The Book Beat - January 31, 2020
As my bookstagram handle suggests, I try to fit in reading while mommying (and working and living). Some days I'm more successful than others. But when it's my birthday? I’m a big proponent of the “my day, my way” philosophy (the family loves when I repeat that mantra all day long). Plus, it doesn’t hurt to put a little book-nerd spin on it. When it's your birthday, I highly recommend grabbing a good book and heading to either a coffee bar or a regular bar to enjoy it (You better not be at work! I've never worked on my birthday and I don't plan on starting 20+ years in). What's better than doing that? Doing both!
Best of all, Nothing to See Here by Kevin Wilson is an excellent book! Quirky, funny, poignant. I loved it and can't wait to discuss with my book-club girls next week.
Now, onto the book news of the week that made me take my eyes off the page. I included some links below for some interesting reading-related tidbits. I also included my own review of The Good Place TV series finale. It's rare a TV show ends with a truly outstanding episode, but this one managed to do it. It's even rarer that a TV show so perfectly explored the human experience. If you've never seen it, I can't recommend it enough. It's funny, cute, romantic, zany, philosophical, profound, and excellent.

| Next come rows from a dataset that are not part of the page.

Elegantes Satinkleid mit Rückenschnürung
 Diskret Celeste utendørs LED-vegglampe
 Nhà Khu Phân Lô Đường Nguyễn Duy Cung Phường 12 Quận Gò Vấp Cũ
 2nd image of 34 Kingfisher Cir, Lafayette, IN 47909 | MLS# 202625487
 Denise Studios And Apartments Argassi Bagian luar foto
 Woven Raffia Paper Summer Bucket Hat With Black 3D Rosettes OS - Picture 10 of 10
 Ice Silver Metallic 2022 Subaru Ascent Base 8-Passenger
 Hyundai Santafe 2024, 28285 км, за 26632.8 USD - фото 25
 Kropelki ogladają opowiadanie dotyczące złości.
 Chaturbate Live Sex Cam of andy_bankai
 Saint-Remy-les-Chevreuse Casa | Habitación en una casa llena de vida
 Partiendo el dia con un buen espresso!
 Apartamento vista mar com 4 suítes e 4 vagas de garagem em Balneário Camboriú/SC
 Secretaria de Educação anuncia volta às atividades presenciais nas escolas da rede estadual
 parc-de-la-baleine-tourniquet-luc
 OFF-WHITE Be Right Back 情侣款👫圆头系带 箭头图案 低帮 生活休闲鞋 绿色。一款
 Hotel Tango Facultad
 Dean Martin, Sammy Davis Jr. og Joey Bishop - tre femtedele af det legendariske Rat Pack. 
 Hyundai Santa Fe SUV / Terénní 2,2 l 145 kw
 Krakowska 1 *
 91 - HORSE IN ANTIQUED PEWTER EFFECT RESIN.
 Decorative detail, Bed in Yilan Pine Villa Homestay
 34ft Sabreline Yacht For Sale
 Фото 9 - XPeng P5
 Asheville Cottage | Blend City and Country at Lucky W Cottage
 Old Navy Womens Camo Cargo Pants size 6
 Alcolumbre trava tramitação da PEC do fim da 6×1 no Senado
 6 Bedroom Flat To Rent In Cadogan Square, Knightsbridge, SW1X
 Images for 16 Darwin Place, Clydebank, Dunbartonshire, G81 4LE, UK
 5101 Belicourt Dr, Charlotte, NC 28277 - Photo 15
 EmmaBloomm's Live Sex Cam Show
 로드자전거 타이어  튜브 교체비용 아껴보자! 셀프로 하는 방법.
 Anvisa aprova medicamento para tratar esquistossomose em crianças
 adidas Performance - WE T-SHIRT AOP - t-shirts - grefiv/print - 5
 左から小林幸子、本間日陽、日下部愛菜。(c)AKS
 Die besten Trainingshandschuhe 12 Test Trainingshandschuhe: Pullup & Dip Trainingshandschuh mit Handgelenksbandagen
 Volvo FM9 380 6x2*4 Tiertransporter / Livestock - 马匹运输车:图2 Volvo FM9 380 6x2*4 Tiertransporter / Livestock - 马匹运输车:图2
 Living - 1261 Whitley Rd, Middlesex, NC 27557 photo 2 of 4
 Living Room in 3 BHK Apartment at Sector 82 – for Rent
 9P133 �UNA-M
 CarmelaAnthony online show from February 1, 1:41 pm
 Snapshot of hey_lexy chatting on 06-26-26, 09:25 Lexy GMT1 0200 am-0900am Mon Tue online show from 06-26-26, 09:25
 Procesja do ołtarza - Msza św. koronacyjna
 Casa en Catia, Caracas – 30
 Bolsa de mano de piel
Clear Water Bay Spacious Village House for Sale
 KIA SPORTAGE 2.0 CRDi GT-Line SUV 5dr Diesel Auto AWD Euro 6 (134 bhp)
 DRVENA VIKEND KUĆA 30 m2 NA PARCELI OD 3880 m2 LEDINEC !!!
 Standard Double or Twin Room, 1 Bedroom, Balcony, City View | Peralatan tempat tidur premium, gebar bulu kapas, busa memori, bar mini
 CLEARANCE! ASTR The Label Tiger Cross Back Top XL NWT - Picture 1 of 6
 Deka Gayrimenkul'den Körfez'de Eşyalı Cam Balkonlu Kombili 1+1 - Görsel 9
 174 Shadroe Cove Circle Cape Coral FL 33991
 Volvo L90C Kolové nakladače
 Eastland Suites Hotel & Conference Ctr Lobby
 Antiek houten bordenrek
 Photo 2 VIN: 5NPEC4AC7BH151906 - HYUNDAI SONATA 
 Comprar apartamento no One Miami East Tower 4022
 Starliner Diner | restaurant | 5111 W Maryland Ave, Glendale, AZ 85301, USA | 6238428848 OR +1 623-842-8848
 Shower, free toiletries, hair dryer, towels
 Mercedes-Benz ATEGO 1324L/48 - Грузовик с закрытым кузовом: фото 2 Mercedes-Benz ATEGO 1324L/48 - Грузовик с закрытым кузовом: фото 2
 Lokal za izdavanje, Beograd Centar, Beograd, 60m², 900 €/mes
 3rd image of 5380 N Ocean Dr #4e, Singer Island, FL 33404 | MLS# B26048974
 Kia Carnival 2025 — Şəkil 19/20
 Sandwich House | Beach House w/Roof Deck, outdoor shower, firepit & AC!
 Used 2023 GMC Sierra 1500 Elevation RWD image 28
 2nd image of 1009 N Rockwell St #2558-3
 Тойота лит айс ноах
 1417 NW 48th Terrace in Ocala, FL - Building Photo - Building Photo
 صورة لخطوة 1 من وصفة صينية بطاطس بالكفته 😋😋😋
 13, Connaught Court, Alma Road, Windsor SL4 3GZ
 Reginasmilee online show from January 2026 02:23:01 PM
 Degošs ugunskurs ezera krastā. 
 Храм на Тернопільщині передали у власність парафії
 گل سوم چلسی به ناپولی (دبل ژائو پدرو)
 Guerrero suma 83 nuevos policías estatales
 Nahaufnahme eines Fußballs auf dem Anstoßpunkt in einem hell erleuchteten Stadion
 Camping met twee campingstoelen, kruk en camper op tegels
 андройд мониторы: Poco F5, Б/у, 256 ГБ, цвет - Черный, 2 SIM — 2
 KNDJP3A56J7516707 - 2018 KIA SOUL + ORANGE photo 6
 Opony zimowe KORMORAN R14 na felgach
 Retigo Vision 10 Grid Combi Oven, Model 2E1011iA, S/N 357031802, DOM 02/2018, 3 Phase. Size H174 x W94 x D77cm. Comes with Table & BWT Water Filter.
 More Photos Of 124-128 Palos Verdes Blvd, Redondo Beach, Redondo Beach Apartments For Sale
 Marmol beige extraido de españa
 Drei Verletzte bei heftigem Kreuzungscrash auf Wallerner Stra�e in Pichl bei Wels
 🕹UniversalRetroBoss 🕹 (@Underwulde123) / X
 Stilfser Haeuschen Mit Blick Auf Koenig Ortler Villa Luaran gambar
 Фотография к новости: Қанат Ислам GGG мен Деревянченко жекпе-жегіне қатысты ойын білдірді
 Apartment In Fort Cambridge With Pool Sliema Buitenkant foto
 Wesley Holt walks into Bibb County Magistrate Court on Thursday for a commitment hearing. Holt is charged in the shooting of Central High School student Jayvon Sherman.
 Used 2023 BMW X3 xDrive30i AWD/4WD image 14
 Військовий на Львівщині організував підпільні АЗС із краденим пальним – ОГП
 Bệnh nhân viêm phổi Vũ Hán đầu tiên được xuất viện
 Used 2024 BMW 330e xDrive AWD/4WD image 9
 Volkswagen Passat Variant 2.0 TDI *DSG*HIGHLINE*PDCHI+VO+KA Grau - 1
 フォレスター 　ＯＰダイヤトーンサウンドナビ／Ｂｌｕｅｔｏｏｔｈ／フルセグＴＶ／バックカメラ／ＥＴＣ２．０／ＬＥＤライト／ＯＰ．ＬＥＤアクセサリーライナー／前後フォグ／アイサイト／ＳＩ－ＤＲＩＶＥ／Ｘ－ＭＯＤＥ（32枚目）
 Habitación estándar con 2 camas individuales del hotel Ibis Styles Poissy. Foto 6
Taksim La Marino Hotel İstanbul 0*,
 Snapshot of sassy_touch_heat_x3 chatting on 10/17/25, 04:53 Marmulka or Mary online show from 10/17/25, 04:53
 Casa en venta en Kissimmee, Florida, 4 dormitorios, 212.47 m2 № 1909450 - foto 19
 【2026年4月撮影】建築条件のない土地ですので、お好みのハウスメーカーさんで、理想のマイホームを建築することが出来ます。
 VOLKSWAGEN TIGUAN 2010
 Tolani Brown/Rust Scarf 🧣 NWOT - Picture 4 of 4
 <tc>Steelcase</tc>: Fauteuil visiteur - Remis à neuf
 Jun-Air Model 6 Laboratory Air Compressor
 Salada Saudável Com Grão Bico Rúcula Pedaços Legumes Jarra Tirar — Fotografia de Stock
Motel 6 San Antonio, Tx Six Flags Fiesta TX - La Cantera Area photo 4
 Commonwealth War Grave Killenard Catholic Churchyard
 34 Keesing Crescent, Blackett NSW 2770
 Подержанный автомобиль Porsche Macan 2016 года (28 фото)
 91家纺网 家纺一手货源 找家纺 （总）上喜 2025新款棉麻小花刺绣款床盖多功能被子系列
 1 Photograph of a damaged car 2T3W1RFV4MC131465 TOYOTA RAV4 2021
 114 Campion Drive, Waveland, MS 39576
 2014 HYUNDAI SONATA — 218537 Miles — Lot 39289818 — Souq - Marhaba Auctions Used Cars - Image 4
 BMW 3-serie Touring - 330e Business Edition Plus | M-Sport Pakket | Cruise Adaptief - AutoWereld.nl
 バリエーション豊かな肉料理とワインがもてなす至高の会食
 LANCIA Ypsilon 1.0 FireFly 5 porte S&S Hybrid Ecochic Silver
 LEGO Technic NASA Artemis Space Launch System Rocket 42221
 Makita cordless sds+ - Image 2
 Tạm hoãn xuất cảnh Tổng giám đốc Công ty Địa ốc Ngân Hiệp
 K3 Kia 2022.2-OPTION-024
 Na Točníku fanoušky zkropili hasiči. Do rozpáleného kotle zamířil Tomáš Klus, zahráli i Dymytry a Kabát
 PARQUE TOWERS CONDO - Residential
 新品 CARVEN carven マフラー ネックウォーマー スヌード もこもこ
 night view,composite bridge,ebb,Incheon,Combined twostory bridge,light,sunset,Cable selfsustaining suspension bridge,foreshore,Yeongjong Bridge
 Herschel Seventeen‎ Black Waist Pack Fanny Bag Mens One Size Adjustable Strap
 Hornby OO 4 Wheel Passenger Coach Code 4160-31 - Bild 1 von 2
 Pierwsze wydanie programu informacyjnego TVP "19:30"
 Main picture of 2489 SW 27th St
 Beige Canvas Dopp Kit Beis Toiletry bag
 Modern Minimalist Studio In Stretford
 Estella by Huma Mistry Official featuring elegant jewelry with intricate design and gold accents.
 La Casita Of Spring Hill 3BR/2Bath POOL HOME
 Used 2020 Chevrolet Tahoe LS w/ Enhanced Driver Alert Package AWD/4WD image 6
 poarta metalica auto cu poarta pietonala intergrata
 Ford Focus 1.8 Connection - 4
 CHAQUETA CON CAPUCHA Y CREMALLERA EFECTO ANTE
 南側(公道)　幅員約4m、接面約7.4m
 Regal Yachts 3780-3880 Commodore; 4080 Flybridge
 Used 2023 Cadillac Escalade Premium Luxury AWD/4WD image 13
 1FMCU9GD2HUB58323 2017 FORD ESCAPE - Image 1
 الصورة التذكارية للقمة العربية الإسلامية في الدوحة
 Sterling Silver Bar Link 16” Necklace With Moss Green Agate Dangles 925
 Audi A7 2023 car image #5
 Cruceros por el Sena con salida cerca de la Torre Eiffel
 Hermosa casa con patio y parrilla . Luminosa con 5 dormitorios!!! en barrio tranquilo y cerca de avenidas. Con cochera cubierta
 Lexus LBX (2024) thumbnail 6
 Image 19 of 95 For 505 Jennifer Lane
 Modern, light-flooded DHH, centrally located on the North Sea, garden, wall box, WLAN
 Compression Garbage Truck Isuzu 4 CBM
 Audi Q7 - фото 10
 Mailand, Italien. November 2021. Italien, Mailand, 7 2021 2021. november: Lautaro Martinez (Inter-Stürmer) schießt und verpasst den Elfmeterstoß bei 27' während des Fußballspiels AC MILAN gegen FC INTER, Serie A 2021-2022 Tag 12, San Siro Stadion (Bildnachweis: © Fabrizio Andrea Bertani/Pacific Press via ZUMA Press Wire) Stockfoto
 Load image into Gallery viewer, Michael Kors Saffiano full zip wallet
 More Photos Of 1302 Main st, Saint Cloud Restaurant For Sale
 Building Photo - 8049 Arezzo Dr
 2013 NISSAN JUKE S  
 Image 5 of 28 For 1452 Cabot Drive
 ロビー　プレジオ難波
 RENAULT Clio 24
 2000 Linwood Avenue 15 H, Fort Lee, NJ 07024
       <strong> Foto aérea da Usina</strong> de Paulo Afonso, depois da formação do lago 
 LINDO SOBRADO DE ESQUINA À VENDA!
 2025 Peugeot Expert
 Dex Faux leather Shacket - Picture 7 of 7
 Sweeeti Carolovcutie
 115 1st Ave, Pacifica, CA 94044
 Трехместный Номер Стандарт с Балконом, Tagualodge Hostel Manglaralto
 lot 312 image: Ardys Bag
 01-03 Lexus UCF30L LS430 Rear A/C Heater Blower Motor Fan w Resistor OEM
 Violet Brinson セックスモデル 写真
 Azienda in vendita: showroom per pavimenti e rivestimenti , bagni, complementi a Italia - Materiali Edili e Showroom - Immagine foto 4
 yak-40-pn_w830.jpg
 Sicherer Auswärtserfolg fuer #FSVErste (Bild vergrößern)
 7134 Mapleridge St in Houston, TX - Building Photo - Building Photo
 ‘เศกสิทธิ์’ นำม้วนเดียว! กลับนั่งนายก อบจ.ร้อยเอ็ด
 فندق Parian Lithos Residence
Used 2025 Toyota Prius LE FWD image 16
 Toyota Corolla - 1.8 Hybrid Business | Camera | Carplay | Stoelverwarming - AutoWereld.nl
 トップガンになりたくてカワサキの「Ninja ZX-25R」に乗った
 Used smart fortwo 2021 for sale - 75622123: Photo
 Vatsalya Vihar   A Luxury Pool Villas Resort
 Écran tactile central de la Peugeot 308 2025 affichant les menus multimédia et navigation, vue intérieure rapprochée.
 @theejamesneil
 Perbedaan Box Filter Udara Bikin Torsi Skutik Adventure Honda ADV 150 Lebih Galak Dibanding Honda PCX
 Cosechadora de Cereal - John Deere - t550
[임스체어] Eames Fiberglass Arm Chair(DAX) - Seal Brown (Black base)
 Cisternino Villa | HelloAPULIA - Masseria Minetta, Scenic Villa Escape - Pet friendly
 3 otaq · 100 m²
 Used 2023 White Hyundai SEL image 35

Looks like libraries were more popular than movies in 2019 and continue to be the most popular cultural activity in America. Yay!
Fee-Free Libraries FTW!
A lot of libraries have done away with fees for overdue books. I like this idea! I understand a fee if you keep a reserved book after its due date, but books you're just too busy to return? No need to have fees for those. I say that as a woman who is always just a few days late with mine. Ben Franklin called it a "free" library for a reason.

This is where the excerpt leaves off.